S’ils se défendent d’une haine anti-musulman, nombre de ces apostats militants assument ne pas aimer l’islam et ses principes. Certains estiment être instrumentalisés par l’extrême droite qui relaie volontiers leurs déboires ; d’autres regrettent d’être lâchés par la gauche. «La gauche ne veut pas parler de nous pour ne pas s’aliéner une partie de son électorat », observe Mehdi.
Alors quand on leur demande s’ils se sentent islamophobes, ils rient, puis s’énervent.
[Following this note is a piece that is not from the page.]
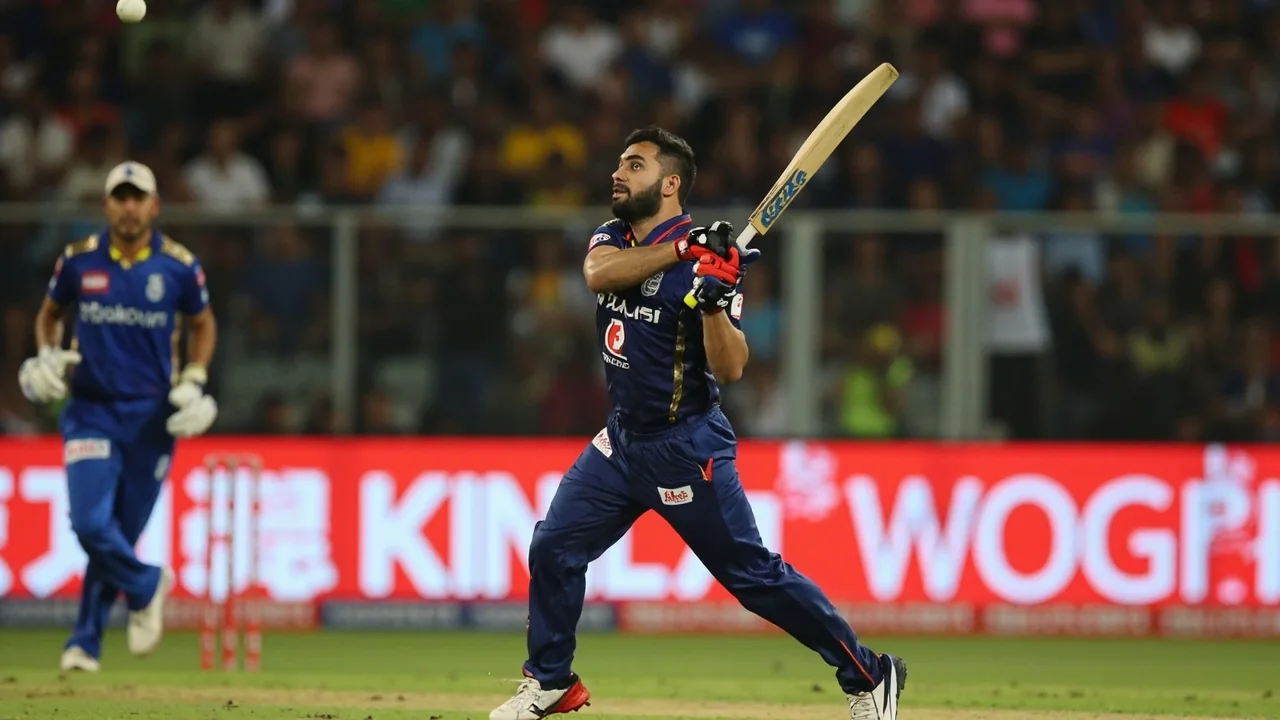 Tight sideline view of an IPL player in mid-action during a floodlit match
Chacun des apostats qui se sont confiés au Figaro réfute la légitimité de ce terme, qui associe critique de la religion et critique des personnes qui la pratiquent. «C’est une imposture intellectuelle qui réhabilite le délit de blasphème et cherche à disqualifier les personnes qui portent un discours critique sur l’Islam », avance Ryan. «On n’est pas raciste anti-musulmans, on vient tous de familles musulmanes! », renchérit Mehdi. «Je suis lesbienne et marocaine , s’amuse Soraya, les minorités, c’est moi! ».